La ciencia convergió con las pandemias en el ghetto de Varsovia en la segunda guerra mundial. Los nazis encerraron en la capital polaca a 450.000 judíos, una densidad de población 5 veces mayor que la de cualquier ciudad actual. Rodeados por alambradas y tapias, sin apenas servicios sanitarios, ni alimentación individual suficiente, sin fármacos, ni otros remedios disponibles.

En esas condiciones, en 1941 se desató una pandemia de tifus que mató a miles de personas en un bostezo. Todo estaba a favor del desastre, no había medios para mitigarlo, como acaba de revelar un artículo publicado en Science Advances basado en los informes rescatados del trabajo realizado por los médicos judíos. Al principio, como siempre, no se sabía qué había originado aquella epidemia. Una vez que llegaron al diagnóstico de la fiebre tifoidea, comenzaron a poner en práctica una serie de medidas que salvó la vida a miles de personas a pesar de las condiciones adversas, a las que se añadía el que estaban a las puertas del invierno.

¿Cuáles fueron las decisiones adoptadas? Los médicos del ghetto consensuaron con el Consejo Judío de la ciudad la implementación de tres medidas para detener el contagio y la progresión de esta fiebre, cuyo agente transmisor era una variedad del piojo: guardar una rigurosa distancia social, aislamiento -cuarentena- y lecturas públicas para que la población comprendiera lo que estaba en juego. El equivalente a una rudimentaria y eficaz Internet. Además, decidieron construir y poner en funcionamiento una universidad subterránea para preparar a jóvenes estudiantes de medicina.

Los autores del artículo han recuperado una meticulosa documentación epidemiológica y del seguimiento de la enfermedad, así como la fundamentación de las decisiones que se tomaron y los resultados conseguidos. Los nazis sabían que la condiciones del ghetto eran ideales para la propagación de enfermedades infecciosas. Eso sí, había que cuidar que no saltara los muros. La mortandad fue tal que apenas daba tiempo a cubrir a los muertos en las calles con periódicos. La rúbrica de esta epidemia fue tétrica: a los que sobrevivieron a la pandemia, los nazis los embarcaron en trenes y acabaron con ellos en Auschwitz. De todas maneras, inesperadamente y gracias a la precisión de los responsables de la sanidad en el ghetto, los registros de la forma como enfrentaron la enfermedad, así como los resultados conseguidos, han sobrevivido hasta nuestros días. [Ars Technica, 14/09/2020]

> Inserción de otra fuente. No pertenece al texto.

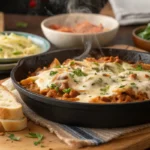 one-skillet cheesy ground chicken pasta recipe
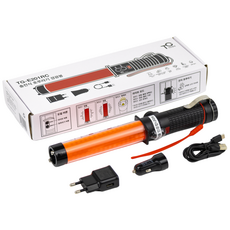 TG전자 충전식 LED 경광봉 호루라기 신호봉 TG-E201RC, 1개, 레드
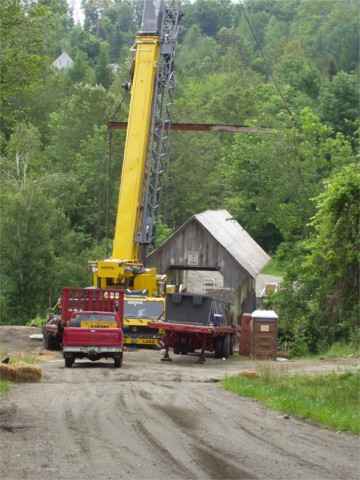 Greenbanks Hollow Renovation Photo by Mert Leonard, July 23, 2002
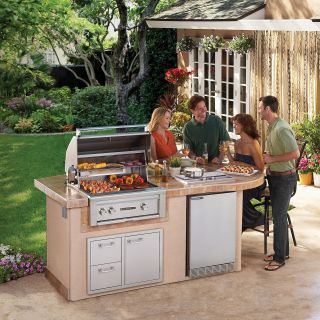 Sedona by Lynx Deluxe 30 in. Grill Island   Outdoor Kitchens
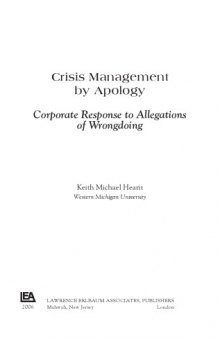 Crisis Management by Apology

El tifus produce una fiebre repentina con síntomas parecidos a una gripe, y al coronavirus. Es el inicio de un proceso que si no se trata adecuadamente acaba con la muerte del paciente. Y todo sucede en un abrir y cerrar de ojos. En 1489, un brote de tifus mató a 17.000 soldados del ejército español en el sitio de Granada. Para ellos fue llegar y perder la batalla. Hoy la epidemia de tifus es rara, pero sigue siendo una amenaza, como sucedió en Los Angeles en 2018 entre la población de los sin techo.

Desde Varsovia, hace apenas 80 años, la ciencia ha recorrido un corto y apretado camino tratando de desvelar los agentes que causan las enfermedades infecciosas, su propagación y sus consecuencias. De todas maneras, la ciencia aplicada a estos fines es todavía muy joven, como nos acaba de recordar Antonio Fauci. La primera medida más eficaz contra las pandemias, a falta de otros remedios, sigue siendo la distancia social, la cuarentena y no “escupirle” en la cara al prójimo. China, cuando apareció el Sars-Cov-1, no se anduvo con chiquitas. Cerró todo el país tres días. Todo el país. Las consecuencias del cumplimiento de esta cuarentena quedaron reflejadas en la curva de la “progresión” económica del país: una profunda sima de vértigo. La recuperación también fue vertiginosa. Algo parecido a lo que está sucediendo ahora en el país donde se originó el coronavirus. Pareciera que China está llena de abuelas. Seguro que ellas no están sorprendidas de las declaraciones del doctor Antonio Fauci, aunque sí de que las pongamos en cuarentena.